Recorded information:
■ ■ ■ ■ ■

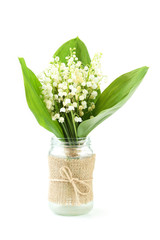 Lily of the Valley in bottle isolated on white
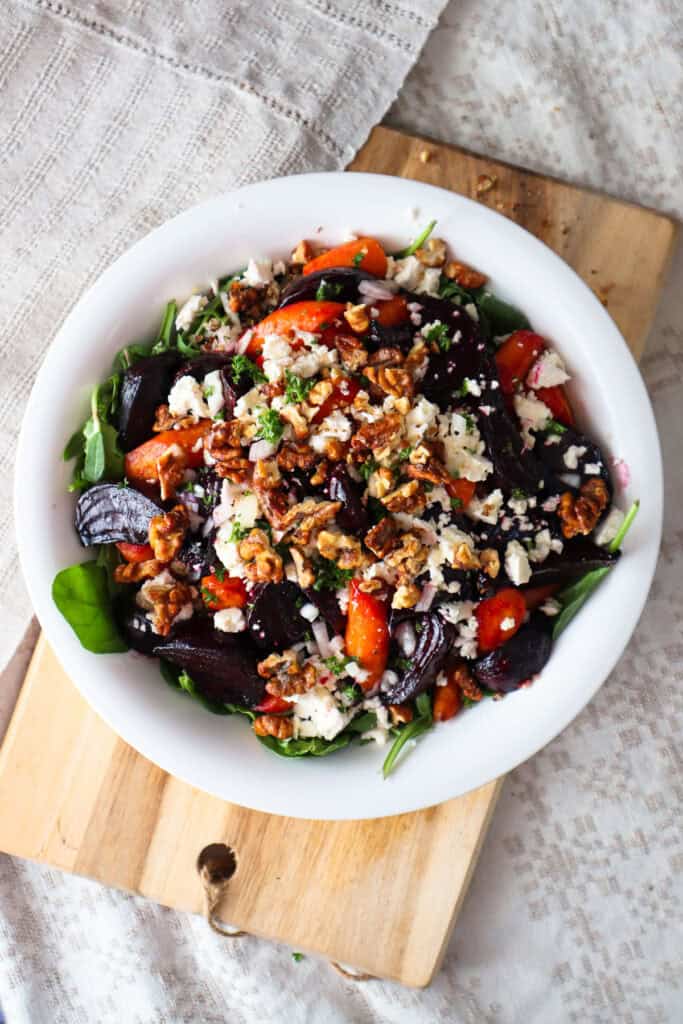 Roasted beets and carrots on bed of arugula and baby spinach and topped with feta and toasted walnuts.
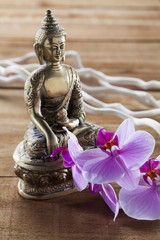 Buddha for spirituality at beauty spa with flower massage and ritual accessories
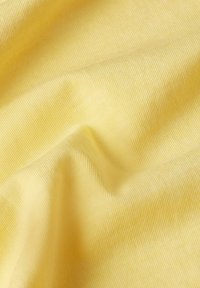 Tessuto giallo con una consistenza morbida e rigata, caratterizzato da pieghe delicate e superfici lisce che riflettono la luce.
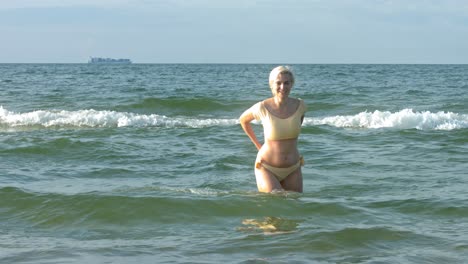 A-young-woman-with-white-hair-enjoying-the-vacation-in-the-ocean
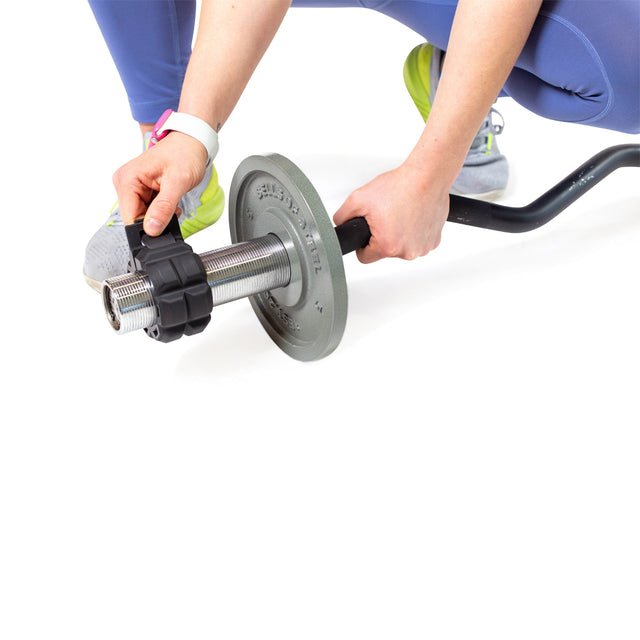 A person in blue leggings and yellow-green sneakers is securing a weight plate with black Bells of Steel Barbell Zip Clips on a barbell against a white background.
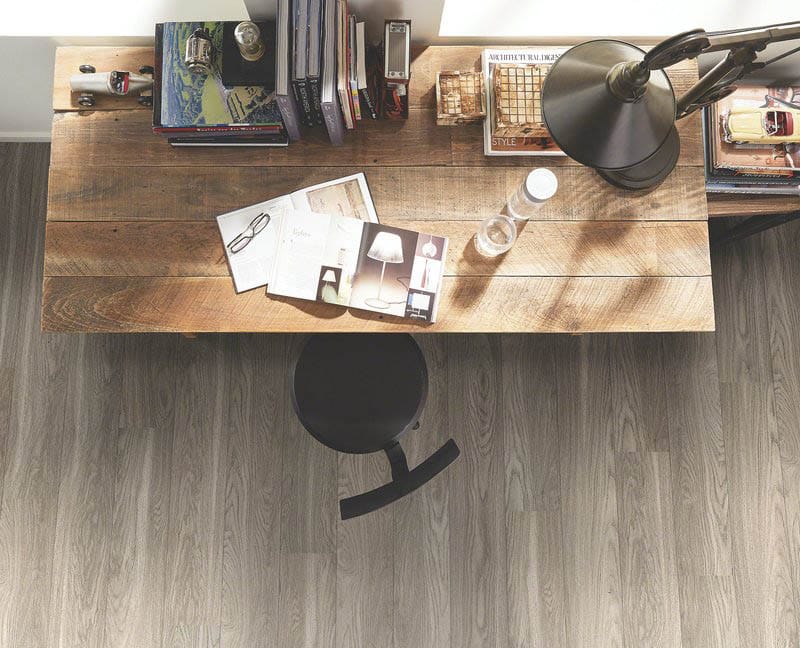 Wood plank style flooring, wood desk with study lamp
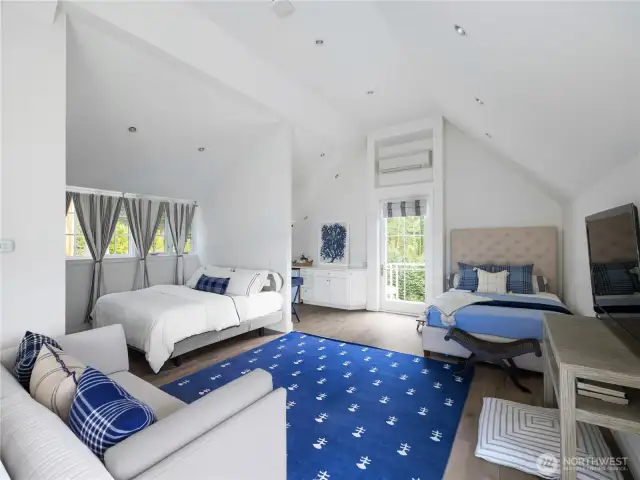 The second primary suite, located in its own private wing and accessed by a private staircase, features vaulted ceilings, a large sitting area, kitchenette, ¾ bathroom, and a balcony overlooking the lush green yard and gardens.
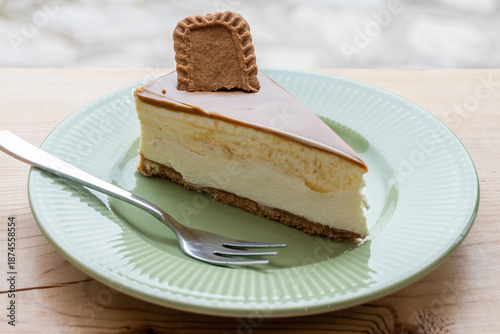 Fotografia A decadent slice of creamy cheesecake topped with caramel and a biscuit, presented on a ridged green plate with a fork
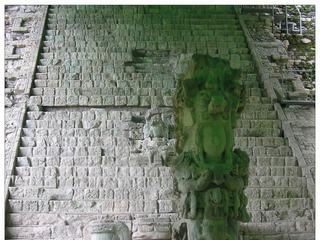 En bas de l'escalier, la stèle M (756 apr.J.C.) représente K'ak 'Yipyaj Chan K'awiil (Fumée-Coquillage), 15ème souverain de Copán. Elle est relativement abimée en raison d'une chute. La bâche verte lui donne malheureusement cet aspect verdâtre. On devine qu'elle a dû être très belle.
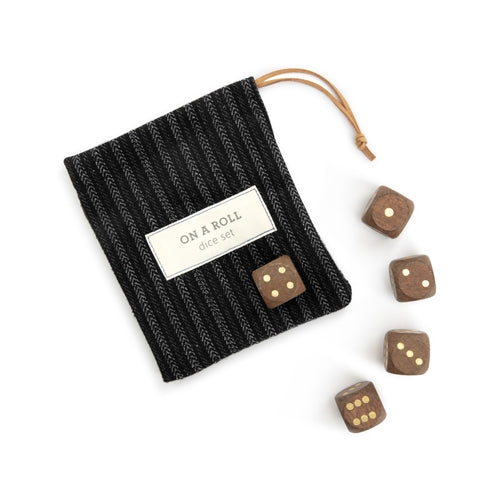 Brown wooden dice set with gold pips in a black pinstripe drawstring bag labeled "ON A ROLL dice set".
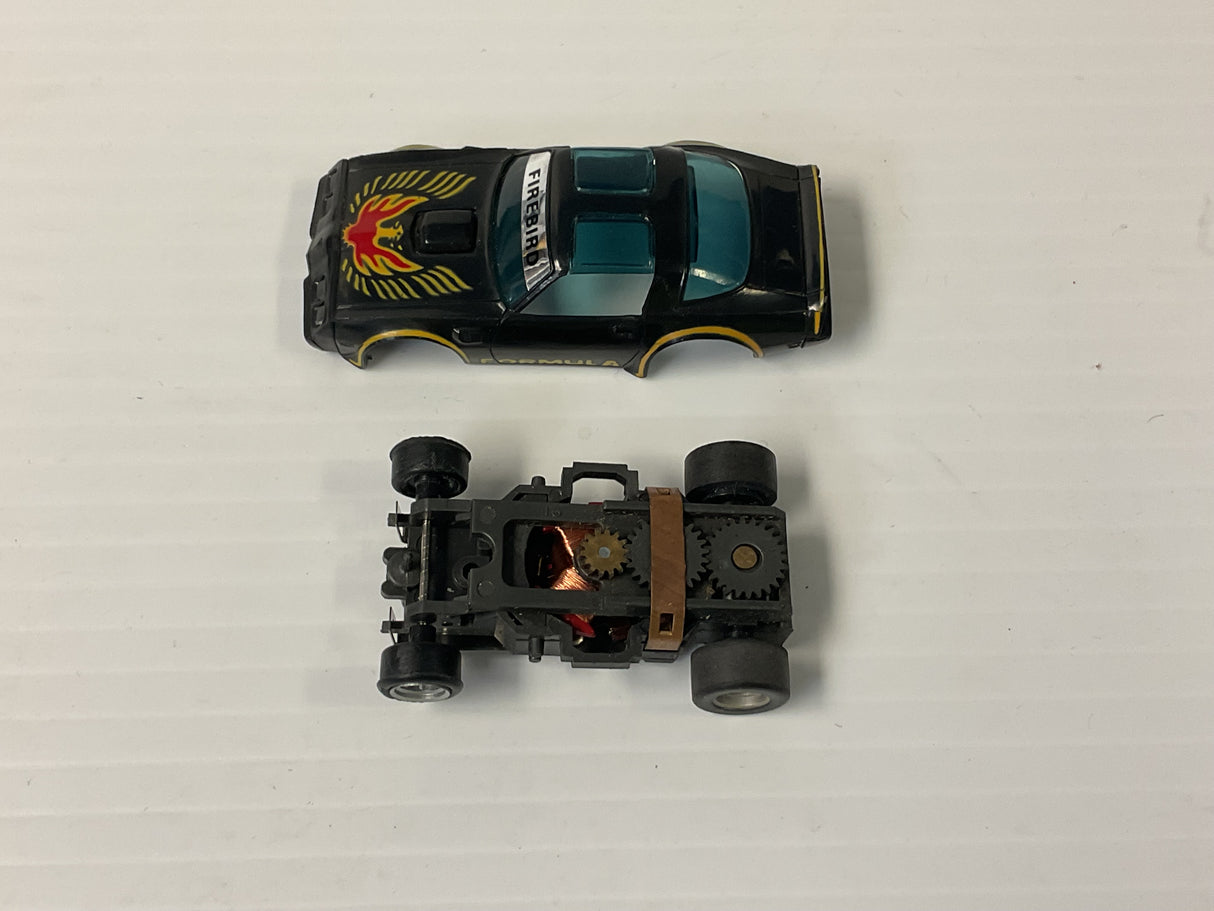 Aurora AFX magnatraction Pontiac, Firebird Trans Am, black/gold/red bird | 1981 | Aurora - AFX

■ ■ ■ ■ ■

Assignment: Repeat word for word, and nothing more, the lines between the line containing "Brown wooden dice" and the last line of the records above, inclusive, without pictures.

Your solution:
 Brown wooden dice set with gold pips in a black pinstripe drawstring bag labeled "ON A ROLL dice set".
 Aurora AFX magnatraction Pontiac, Firebird Trans Am, black/gold/red bird | 1981 | Aurora - AFX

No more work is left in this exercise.